Said Sani Mohd Salim, president of the Singapore Floorball Association (SFA): "We are planning for floorball to be competed at the 2015 SEA Games.

"But it depends how many other countries (are on board) and if their floorball associations are affiliated to their respective National Olympic Committees."

Host countries have the prerogative to decide on the biennial event's sports programme, although the SEA Games Charter stipulates that it must have a minimum of 22 sports.

Also, at least four National Olympic Committees must participate in a sport or event for it to be included in the programme.

As Category 1 sports, athletics and swimming are compulsory while a minimum of 14 Category 2 disciplines - such as badminton and table tennis - must be included.

No more than eight sports from Category 3 - which consists mostly of traditional sports like kempo - can be pencilled in.

Floorball has yet to be included into the SEA Games Charter's list of sports but is likely to earn Category 3 status after this year's edition in Naypyidaw.

Said Singapore National Olympic Council vice-president Tan Eng Liang: "The vast majority of the sports that Singapore is likely to recommend (for the 2015 Games) will be Olympic and Asian Games sports."
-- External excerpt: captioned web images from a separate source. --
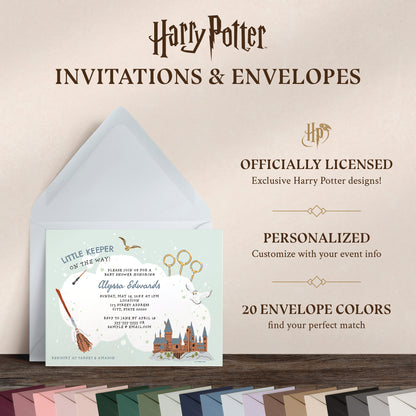 Harry Potter Little Keeper Personalized Baby Shower Invitations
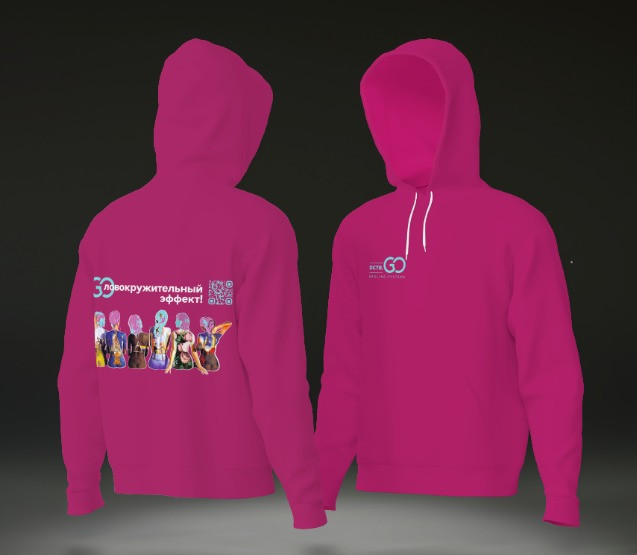 Худи с логотипом Dctr.Go в Чебоксарах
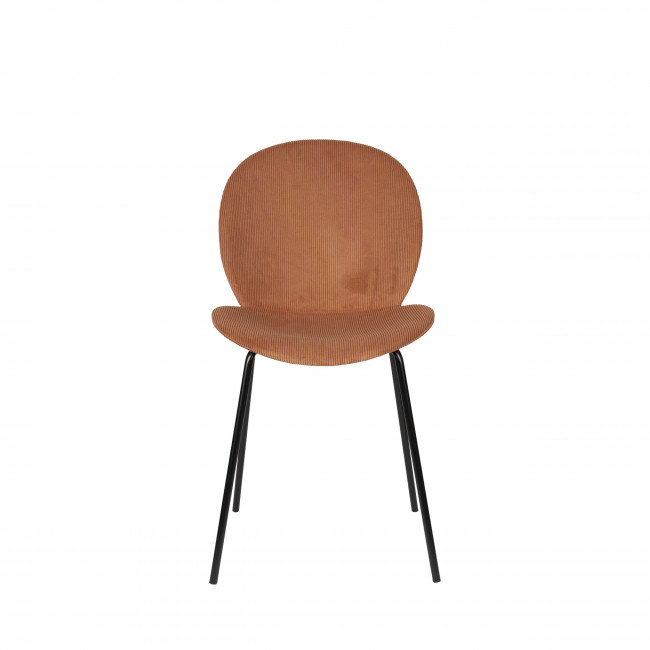 Bonnet - Lot de 2 chaises en velours côtelé et métal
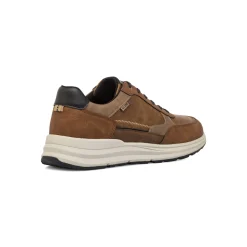 Sneakers casual marroni da Uomo con logo Glams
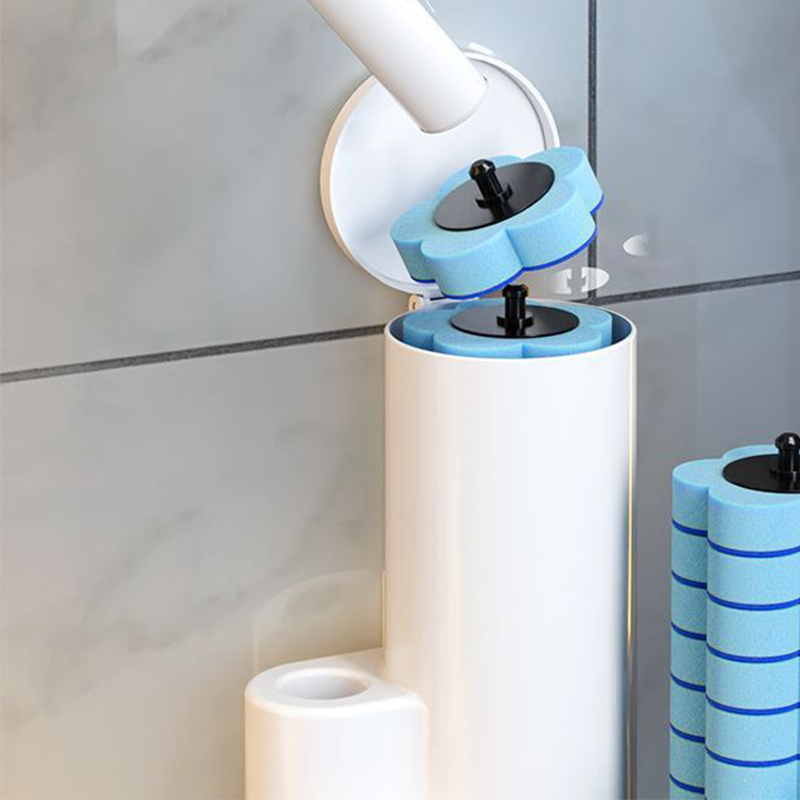 ✨Toilettenreinigungs-Set mit Einweg-Toilettenbürste💧 | 🧽15/25/35 Reinigungsnachfüller + Wandhalter inklusive
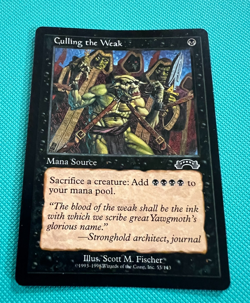 Culling the Weak - Exodus - MTG - Magic the Gathering - Image 1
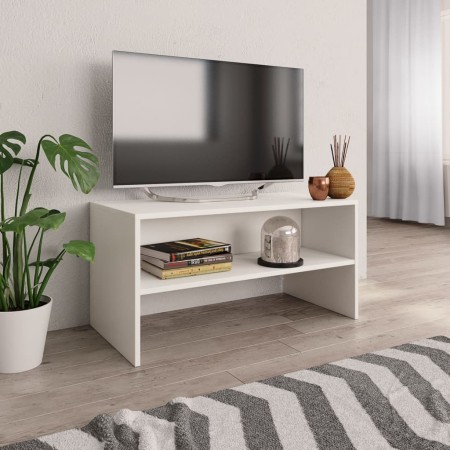 Mueble para TV madera contrachapada blanco 80x40x40 cm en Muebles TV | Comprar online en Foru.es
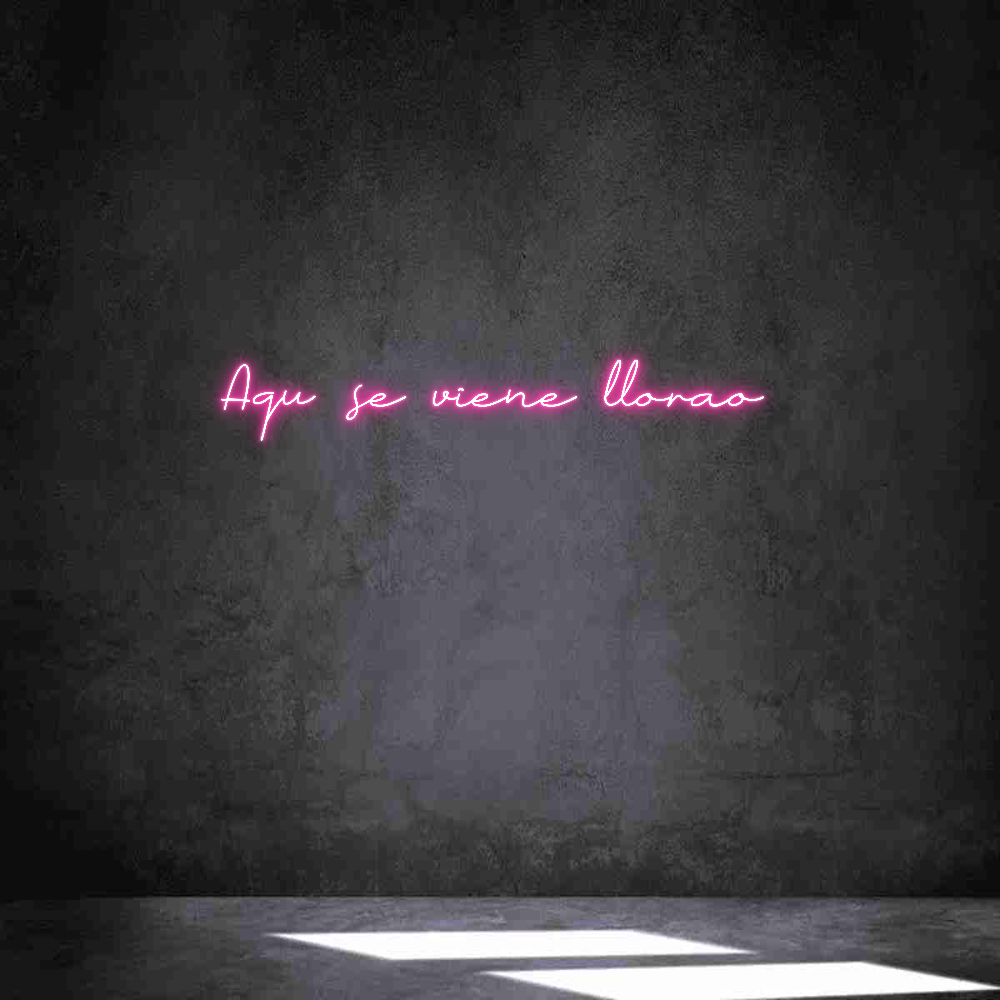 Neon personalizado: Aquí se viene...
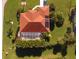 Aerial view of house with pool and lush landscaping at 1 Long Meadow Ln, Rotonda West, FL 33947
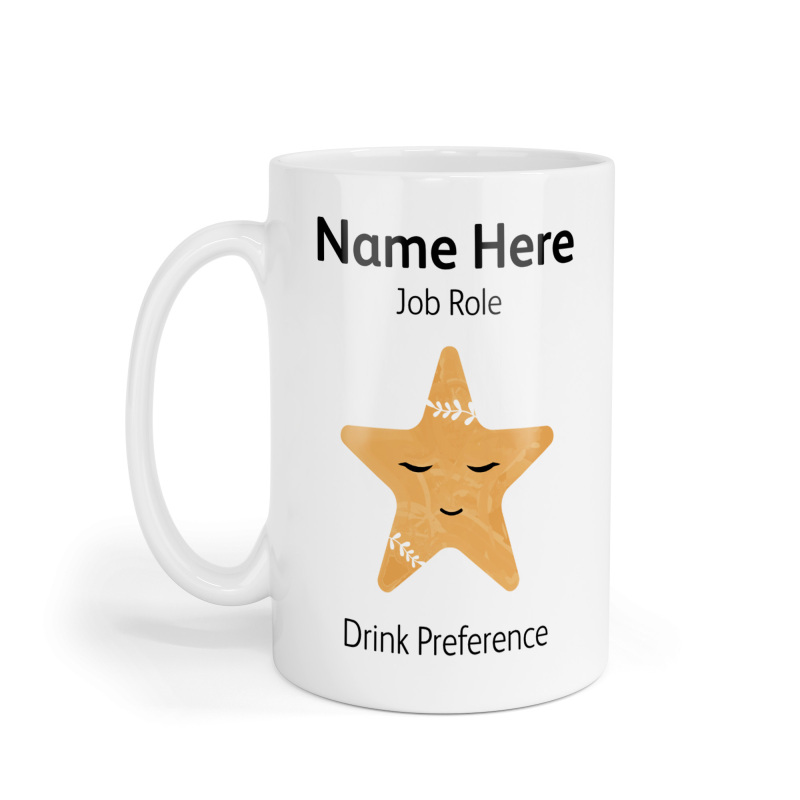 Personalised Ceramic Mug - Boho Baby Star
There are already at least five countries in South-east Asia - Singapore, Malaysia, Thailand, Indonesia and the Philippines - active in floorball. Local coaches and officials are also planning to lend their expertise to Myanmar to help them start a team.

The sport, which originated in Europe, has gained a good local following in recent years, with about 15,000 active players.

The men's national team are Asia-Pacific champions while their women counterparts are fourth, behind Japan, Australia and South Korea.

Singapore Sports Council chief executive officer Lim Teck Yin, who is also the chairman of the Singapore South-east Asia Games Organising Committee (Singsoc), is also pushing for a shift away from traditional sports at the Singapore edition of the Games. But he noted it was important for the eventual programme to still fall within the SEA Games Charter.

"There has been some concern expressed by member nations that the SEA Games needs to be more disciplined in looking at sports within the Charter and that's first and foremost in our approach," said Lim, on the sidelines of a memorandum of understanding signing ceremony between Singsoc and the Singapore Institution of Safety Officers (Siso).

"We are looking at between 35 and 40 sports - sports that have appeal to the spectators, a following, those that we know Singapore and spectators will be interested in." But while Singsoc will have some time to confirm the sporting programme, it is moving swiftly to ensure that the Games will be run smoothly.

The committee will work with Siso to oversee the Games' development and implementation of risk management plans.

Some of the safety aspects they will review include the Games' infrastructure, event programming and haze management, which has come under the spotlight in the last few weeks.

Said Lim: "We cannot take safety and well-being for granted. We have an obligation to ensure we provide a safe and enjoyable experience for everyone."